Another great addiction that can also significantly affect our existence is the addiction to emotions.
The pleasure centers located in the brain are subject to various forms of addiction. Unfortunately, the brain does not have the ability to distinguish good from bad influences that create the need for constant stimulation. This also includes sugar, alcohol, nicotine and even sex. Maybe the best example would be a social media influence which is created with that purpose.
One addiction can be compensated by another. Cocaine addicts are often treated with adrenaline sports such as skydiving. It is important to replace the dose that the body is looking for, which is stimulated by the pleasure center in the brain.
Emotions can beautify life and cause positive effects, but also create patterns that are negative, for us. These patterns are not visible and are deep in the subconscious, which is why we don't control them, we just let them lead us.

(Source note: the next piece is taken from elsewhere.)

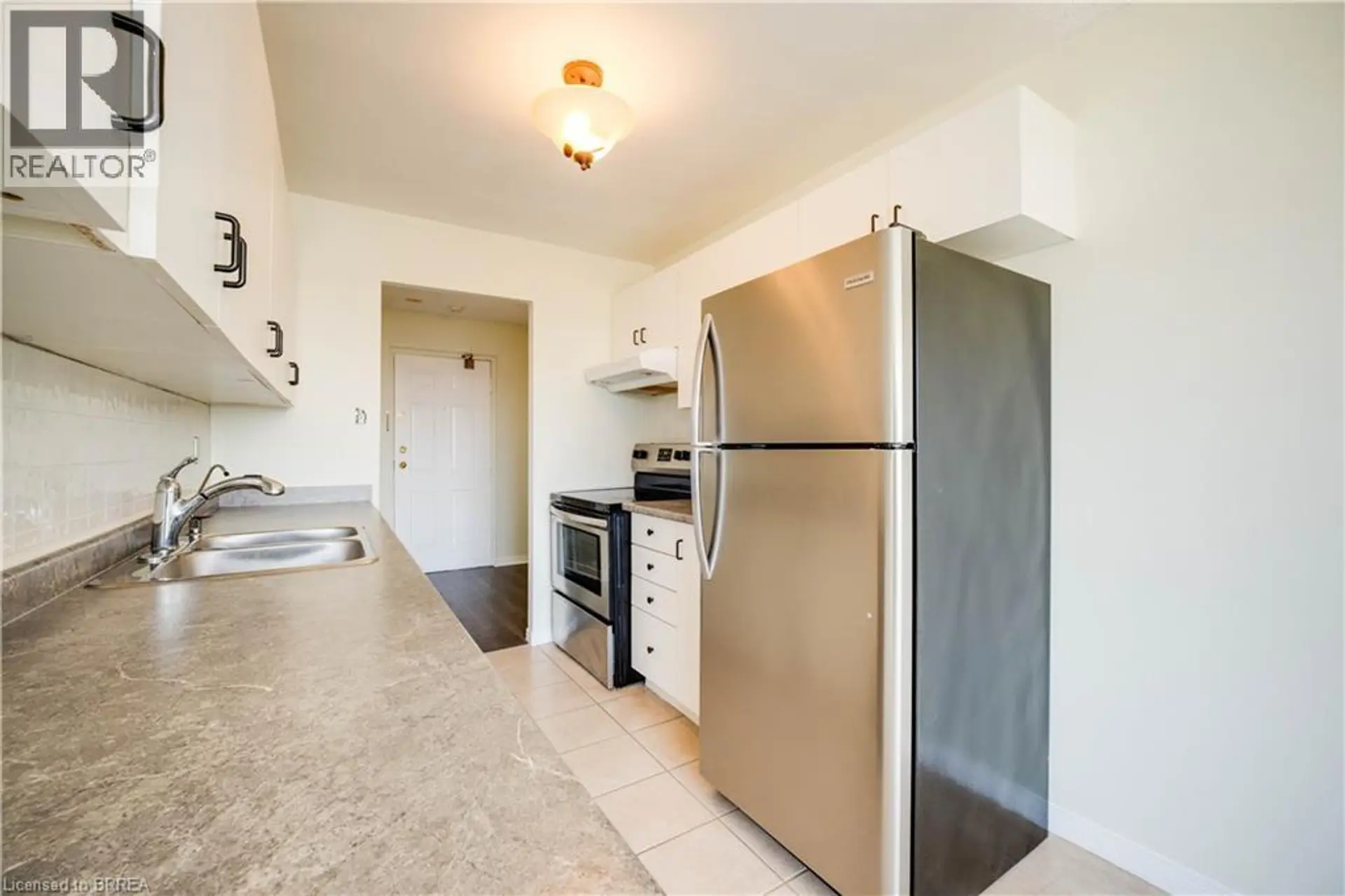 #501 65 HIGHLAND Crescent - Image 7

Just as cocaine was a substitute for anesthesia, so there are numb emotions. Those emotions are not liberated and therefore manifest themselves through different forms of behavior.

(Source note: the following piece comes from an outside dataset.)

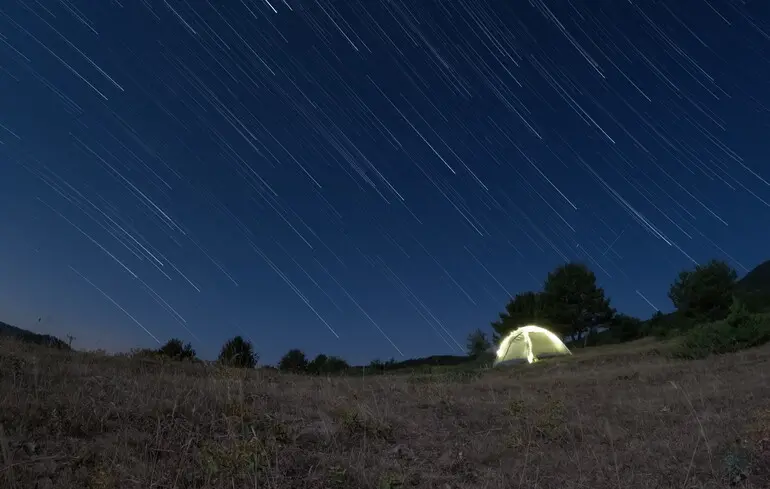 Небо може спалахнути вогняними кулями в найближчі тижні: метеорний потік Таурид 2025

All these patterns arise mainly in early childhood, through what we perceive and feel, or do not feel in the family and environment.

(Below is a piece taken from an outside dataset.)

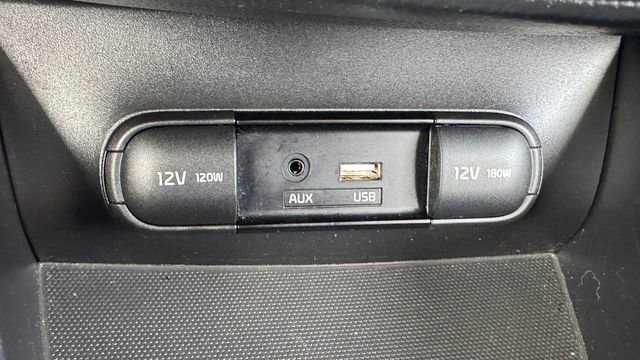 Used 2018 Kia Soul ! FWD image 27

A common example in the family is abuse, which is later transferred to different relationships. Abuse can be both emotional and physical. It's just a different kind of pain. If someone hurts you physically, it affects the emotional side of the person's personality, and therefore the mind, while on the contrary, abuse on a mental level causes emotional pain that manifests itself in the form of stress, and then an illness occurs. You would think that what is repeated as a pattern is something you don't want, but actually your body has accepted it as a habit and continues on that path. It needs a dose.
If by growing up we felt a lack of love, we will often get attached to emotionally unavailable people and we will often seek validation of our value from others. We will have the need to prove ourselves, so that someone could love us. In relationships, there is an increase in insecurity, reduced self-confidence, devaluation. Most often, one enters into a relationship with a manipulator. It can be a manipulator in an emotional relationship as well as in a business environment. It boils down to the relationship between a superior and a subordinate. Emotional destruction is the result of both relationships, and the cause is psychological or physical abuse where a person begins to take unconscious responsibility for actions for which is not responsible. Nothing is ever good enough for the manipulator and the victim looks for ways to earn love. Expectations were not met again.
Dependence on crumbs of love, constant seeking of attention, proving of value to narcissistic personality disorders, leads to relationships that are destructive.
There is an inextricable connection in the emotional agreement of the subconscious and repeated doses.